Although it is hard to imagine that women did not have the right to vote in most of the Western countries of the world in the early part of last century, we must recall that the United States did not extend the right to vote for women until 1919. Not surprisingly, nearly all the politicians in the United States at that time were male, and women were excluded from a vast majority of occupations.
It was not until 1975 that the International Women’s Day came to be celebrated in the United States with the
adoption of International Women’s Day by the United Nations in 1975. I learned that today International Women’s Day celebrates the social, economic, cultural, and political achievements of women. But this important International Women’s Day event also opens the door to educate and raise awareness about women’s equality. In addition, this influential movement calls for positive change advancing women.
The Rise, Speak, Act! exhibit features fifteen talented artists, many of whom such as Angelica Gomez Mayorga, have an exhibition relationship with the Centro extending over a decade. Due to space limitations, I am only able to mention the work of five artists in the exhibit.
The exciting show includes two paintings by Angelica Gomez Mayorga, whose work I have followed for nearly two decades. Mayorga was born in Uvalde and moved to San Antonio when she was a young child. Both of her parents were artists, and she grew up surrounded by their creative works. I first met Moyorga nearly 20 years ago when she worked at the Southtown Gallista Gallery owned by Joe Lopez. Her colors and subjects in the exhibit reveal an appreciation for Mexican culture and an effort to maintain Mexican traditions.
Liliana Wilson, another artist in the exhibit and a native of Valparaiso, Chile, lives and works in Boerne, Texas. She is known for portraying immigrants and working-class people in her art. As a first-generation Latina immigrant, she addresses concerns for the plight of humanity by looking at global issues such as migration, climate change, and social justice.

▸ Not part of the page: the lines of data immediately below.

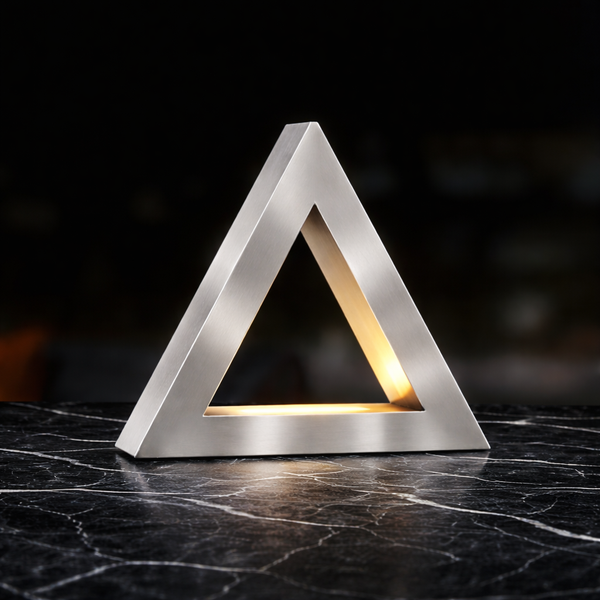 Silver Finish Handcrafted Oak Triangular Lamp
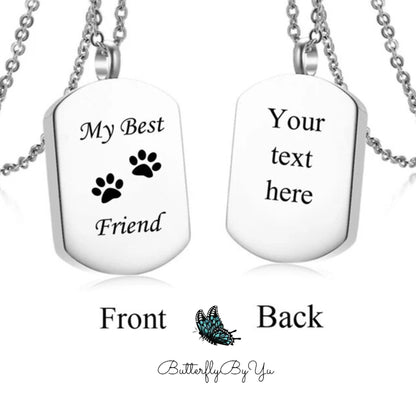 Custom Cremation Jewelry Stainless Steel Dog Paw Ash Urn Pendant Necklace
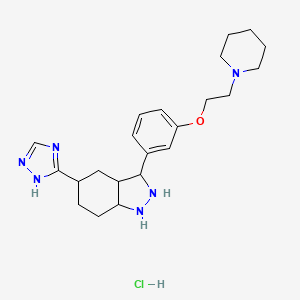 3-[3-(2-piperidin-1-ylethoxy)phenyl]-5-(1H-1,2,4-triazol-5-yl)-2,3,3a,4,5,6,7,7a-octahydro-1H-indazole;hydrochloride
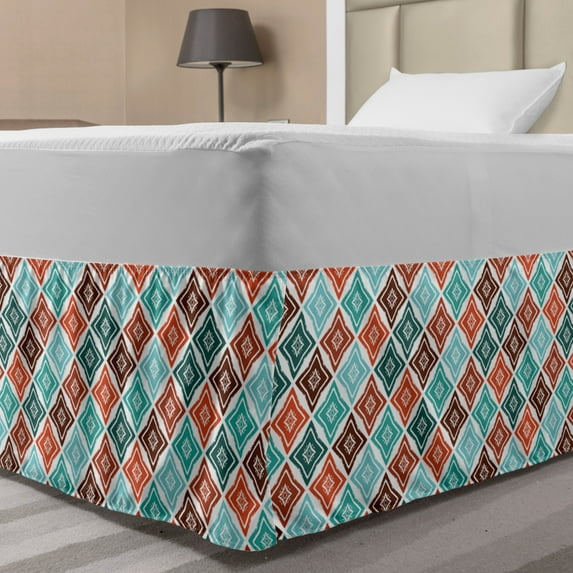 Grunge Bed Skirt, Hand Drawn Style Mosaic Weathered Motifs Bohemian Shapes in Pastel Retro Colors, Elastic Bedskirt Dust Ruffle Wrap Around for Bedding Decor, 4 Sizes, Multicolor, by Ambesonne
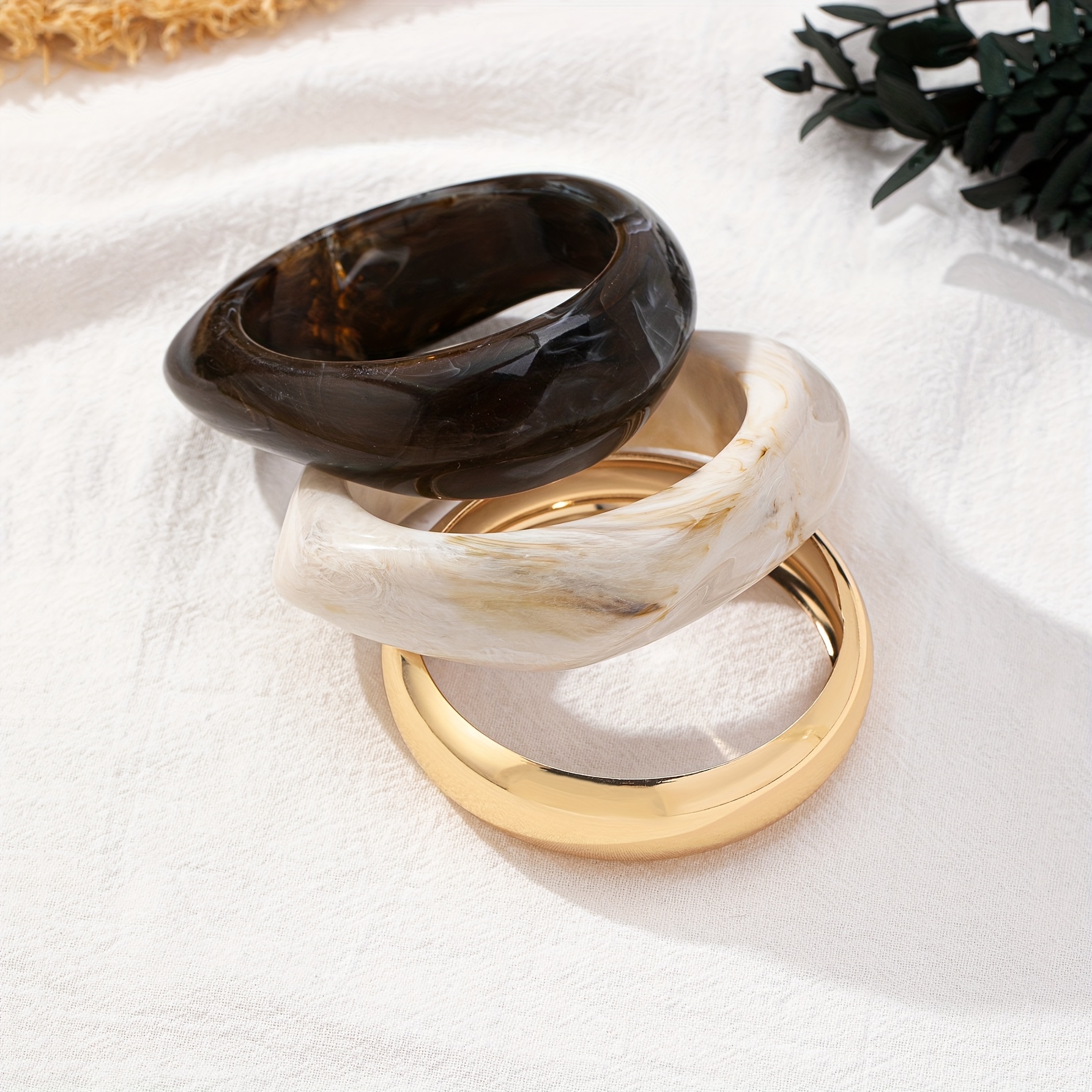 E-shop 3er-/1-teiliges Armband im Böhmen-Stil, luxuriös elegant, quadratisch, unregelmäßig, aus Acryl im Metalloptik-Stil mit breitem Band Muster,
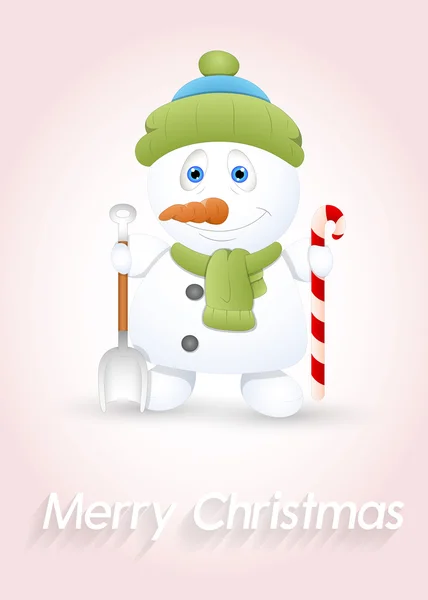 Small Snowman with Spade and Candy Cane — Stock Vector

In the last twenty years, Wilson has emerged as a major contributor to Latino artistic expression in the
Americas. Her work has always championed social justice and opposition to oppression and violence. Today, she continues to touch on global themes and many of her works demonstrate compassion for the poor, the hungry, and those living under oppressive political regimes. Although Wilson seems driven by a desire to speak for those without access to power and wealth, her work also shows a desire to understand the common individual’s
struggles with despair, fear, and hopelessness.
Anel Flores’s striking portrait of Frida Kahlo, is titled “Ometeotl en el cielo:Frida Kahlo.” The great pre-Columbian scholar Miguel León-Portilla argues that Ōmeteōtl was the supreme creator deity of the Aztecs,
and “that the Aztecs envisioned this deity as a mystical entity with a dual nature akin to the European concept of the trinity.” Flores’s commentary on her own artistic work reveals her thoughtful approach to creative activity such as painting. She writes that her work offers “an access point for viewers to investigate how sensory, spirit, environment and memory are recalled in the body.”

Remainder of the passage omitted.